Recessions in the United States are called by the National Bureau of Economic Research. The NBER’s business cycle dating committee does not define a recession as two consecutive quarters of decline in real gross domestic product, as is the rule of thumb in many countries.

Instead, it looks for a drop in economic activity, spread across the economy and lasting more than a few months. Measures taken by the U.S. central bank to stem the slide include slashing interest rates to zero, promising bottomless dollar funding and implementing an array of programs to help keep companies afloat.

Business investment is taking a hit from a collapse in crude prices, thanks to the coronavirus and an oil price war between Russia and Saudi Arabia. A survey from the Dallas Fed on Wednesday showed a significant decline in activity in the oil and gas sector in the first quarter.

The survey’s measure of capital expenditures among exploration and production firms dropped to a reading of -49.0 in the first quarter from 9.1 in the October-December period. Its measure of the expected level of capital expenditures next year plummeted to -61.9 from 0.9 in the fourth quarter, as firms also cut expectations for capital spending in 2021.

“Prior to the global COVID-19 outbreak, the combination of muted global growth, persistent trade policy uncertainty and tariffs, the strong dollar and weak corporate profitability made for a very challenging backdrop for U.S. businesses,” said Lydia Boussour, a senior U.S. economist at Oxford Economics in New York. “We now believe the additional headwind posed by the coronavirus will lead to one of the largest pullbacks in capital spending in history.”

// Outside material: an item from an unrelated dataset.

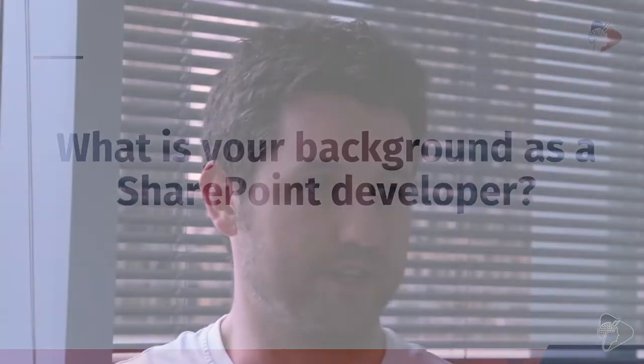I'm Wes Hackett, I'm the CTO at ADIN365, a productivity and Office 365 product company in the UK. I'm also an Office Server and Services MVP for the last four years.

Overall orders for durable goods, items ranging from toasters to aircraft that are meant to last three years or more, accelerated 1.2% last month after gaining 0.1% in January. They were boosted by a 4.6% rebound in orders for transportation equipment, which followed a 0.9% decline in January.

Orders for civilian aircraft slipped 0.3% last month after soaring 356.7% in January. Motor vehicles and parts orders accelerated 1.8% in February after falling 0.5%.

But orders for transportation equipment are set to weaken. Boeing (BA.N) has temporarily closed some its plants in Washington state, one of the states hardest hit by the coronavirus, and auto makers have shuttered factories to protect their workers from COVID-19.